> [Task item]
Skip the pictures. Copy all the rest of the records down exactly.

━━━ Records provided ━━━

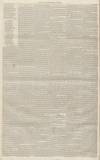 Devizes and Wiltshire Gazette Thursday 16 April 1846 Page 4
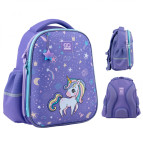 Ранець каркасний GoPack мод 165 Education GO24-165S-2 Magic Dreams 34,5*26*12,5см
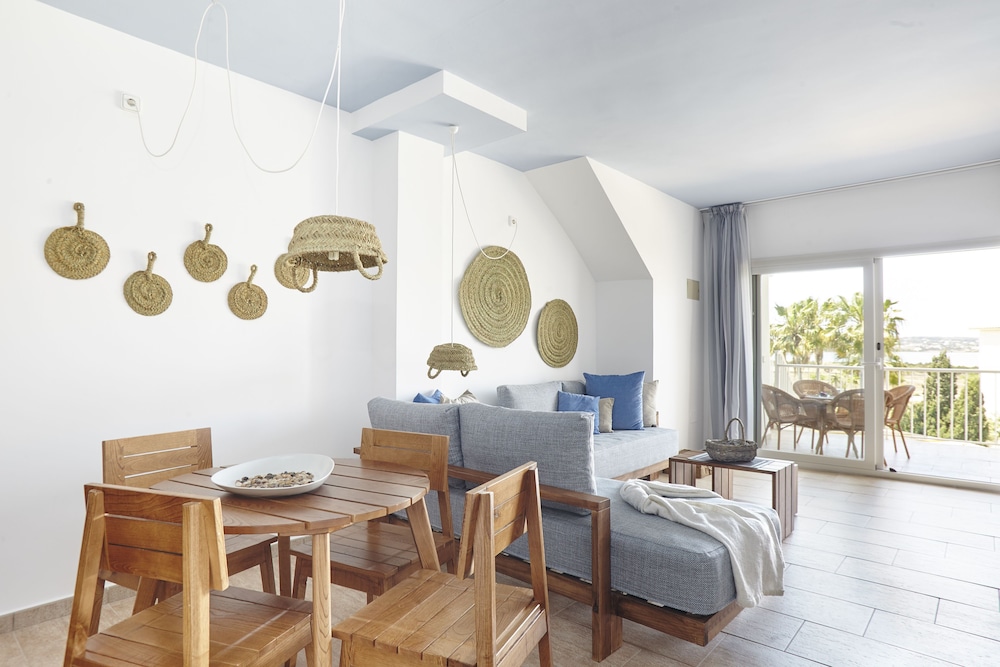 Apartment, 1 Bedroom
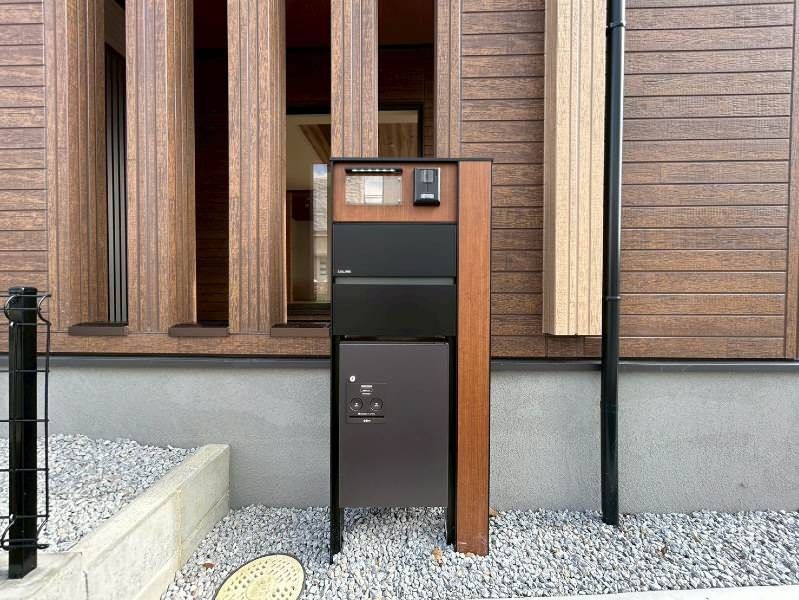 New 3LDK House in Yaeze Town, Okinawa - 2026 Completion - Thumbnail 2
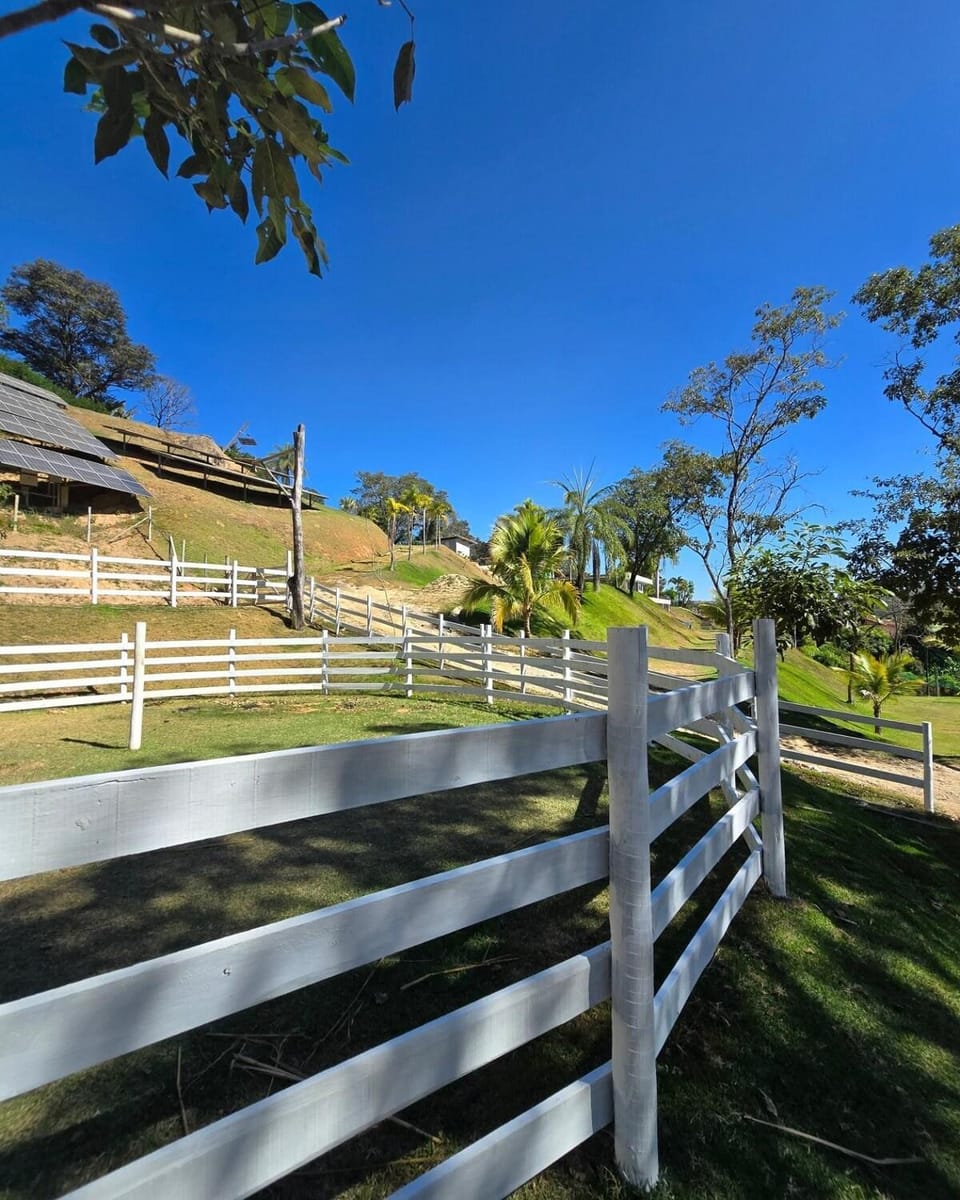 Day, Natural landscape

━━━

> [Exercise answer]
 Devizes and Wiltshire Gazette Thursday 16 April 1846 Page 4
 Ранець каркасний GoPack мод 165 Education GO24-165S-2 Magic Dreams 34,5*26*12,5см
 Apartment, 1 Bedroom
 New 3LDK House in Yaeze Town, Okinawa - 2026 Completion - Thumbnail 2
 Day, Natural landscape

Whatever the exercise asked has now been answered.